CAIRO – Egyptian President Mohammed Morsi rebuilt his Cabinet on Sunday, replacing 10 ministers and amplifying the Islamist presence in the government.
The move, in which at least three Islamists were appointed to head major economic ministries, comes a day ahead of a planned visit by a top International Monetary Fund official to discuss an impending $4.8 billion loan.
The shake-up also marked the latest in a series of appointments and forced resignations that have rattled Egypt’s government in the two years of political turmoil since a popular uprising ousted President Hosni Mubarak. Morsi, as well as the transitional leaders who ruled before his June election, has used Cabinet shuffles as a means to assuage popular frustration at the slow pace of economic and political reforms.
Islamist political parties gave their support to the latest move, but some opposition members criticized it, saying it served only to further consolidate Islamist control of top government positions weeks after a conflict over the religious character of Egypt’s new constitution left the country bitterly divided.

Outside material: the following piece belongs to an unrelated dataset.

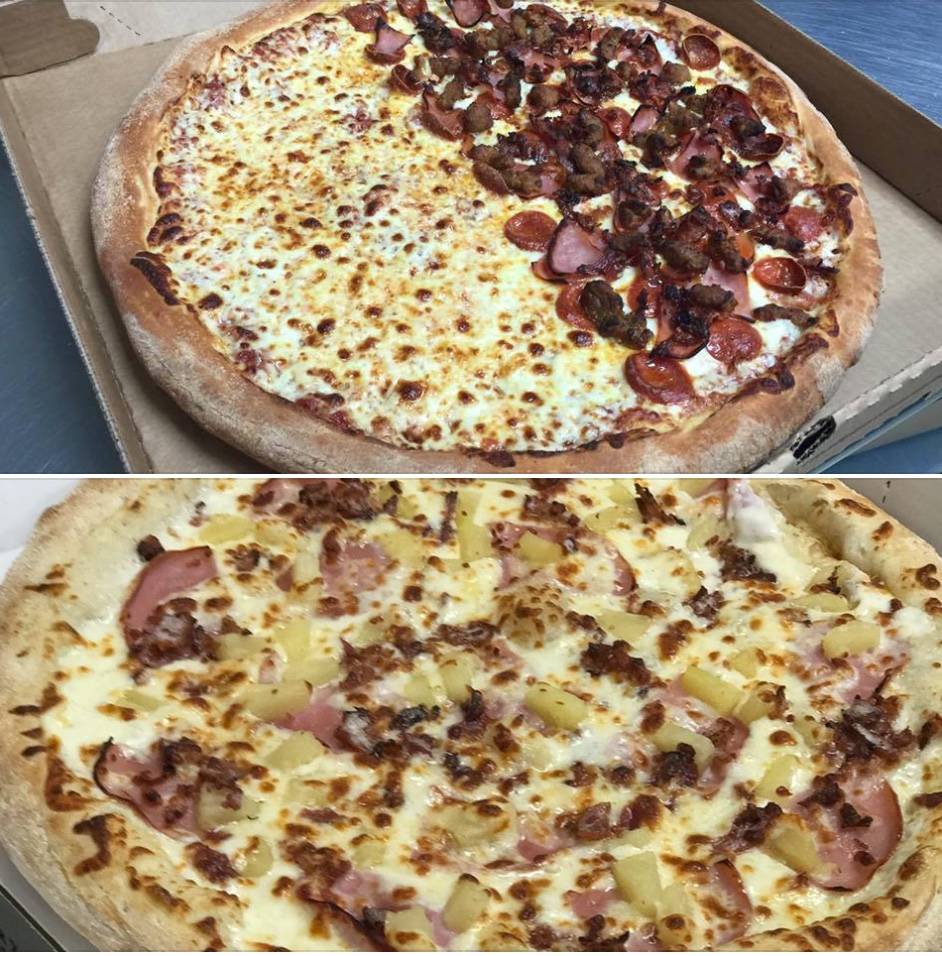 Vocelli Pizza | restaurant | 1331 Rockville Pike Suite A, Rockville, MD 20852, USA | 3012940003 OR +1 301-294-0003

Mohamed Adel, a leader in the April 6th youth opposition movement, said in a statement Sunday that Morsi’s administration had not consulted opposition parties on the move and that the Muslim Brotherhood would bear responsibility for any bad policies to come. Morsi is a former leader of the powerful Islamist organization.

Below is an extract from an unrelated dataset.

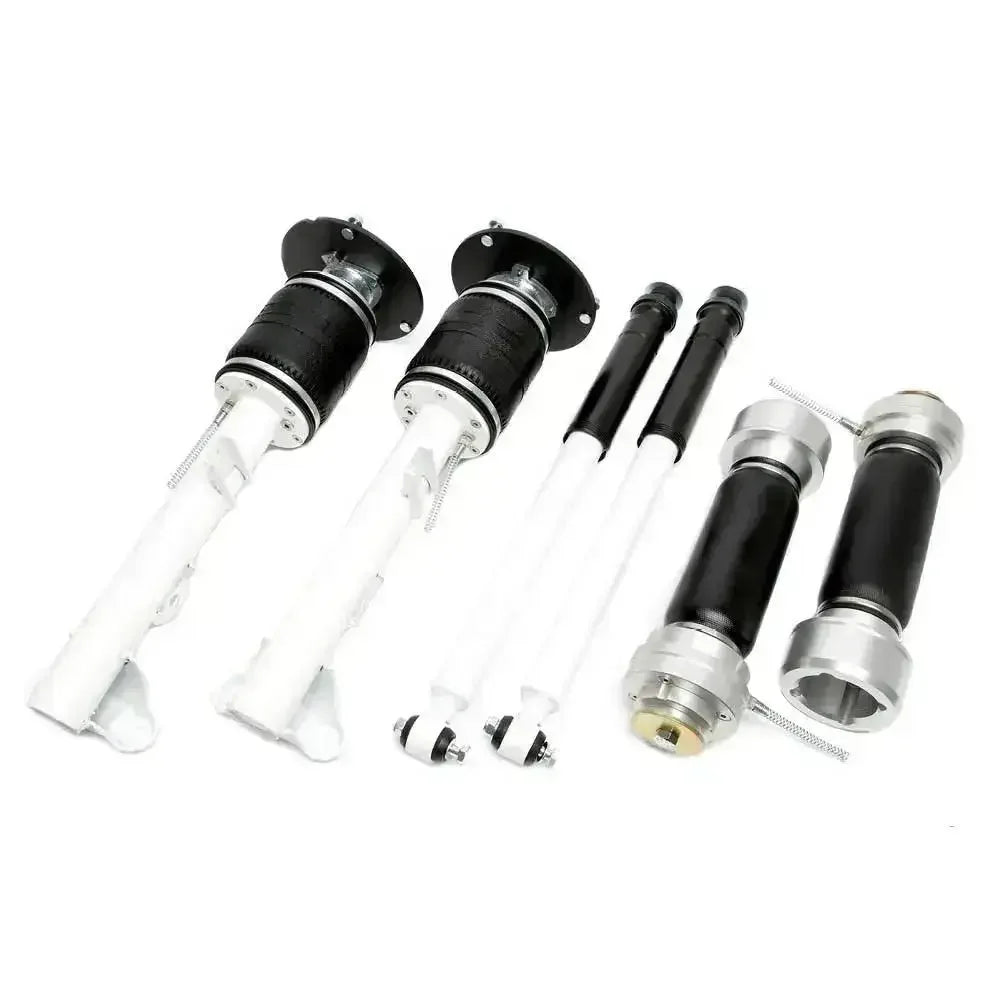 Kit air ride complet Mercedes Benz CLK 209 Rasl'Bitume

It is unclear how the last-minute Cabinet replacements might affect negotiations for the IMF loan, which Egypt is hoping to secure by the end of the month.

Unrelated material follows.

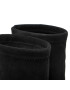 Stuart Weitzman Боти Str Bootie S6985 Черен - Pepit.bg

The country’s foreign currency reserves have dwindled to less than half their value before the 2011 uprising, and the Egyptian pound plummeted to a new low Sunday at 6.45 to the dollar. Financial analysts say the IMF loan is critical to pull Egypt back from its own “fiscal cliff,” by opening the door to more loans, investments and aid money.
At least three of the new ministers are long-serving members of the Muslim Brotherhood, including those heading the ministries of supply and domestic trade, and local development. The new finance minister, Al-Mursi al-Sayed Hegazy, is not a member of the Islamist organization, but local media described him as a specialist in Islamic banking who may be sympathetic to the group.
Many of the Brotherhood’s allies from the more conservative Salafist parties have called on the government to implement a system of Islamic banking, which would ban interest on loans, as an alternative mechanism for economic reform.
Hegazy said he remained committed to discussing the IMF deal. And Brotherhood leaders fired back at accusations that the government was stacking the Cabinet with Islamists.
“When a Democratic Party candidate wins in the United States, does he appoint Republicans? Would they appoint their rivals?” said Mahmoud Ghozlan, a Muslim Brotherhood spokesman. He said Morsi has been far more conciliatory.
Islamists and opposition members alike had been deeply critical of the old Cabinet, and the shake-up Sunday was expected.
“My reading of the situation is that the performance of the previous Cabinet was not up to the required level,” Ghozlan said. “I hope the new Cabinet will perform better and rise with the country in a tangible way that can be felt by the regular citizen.”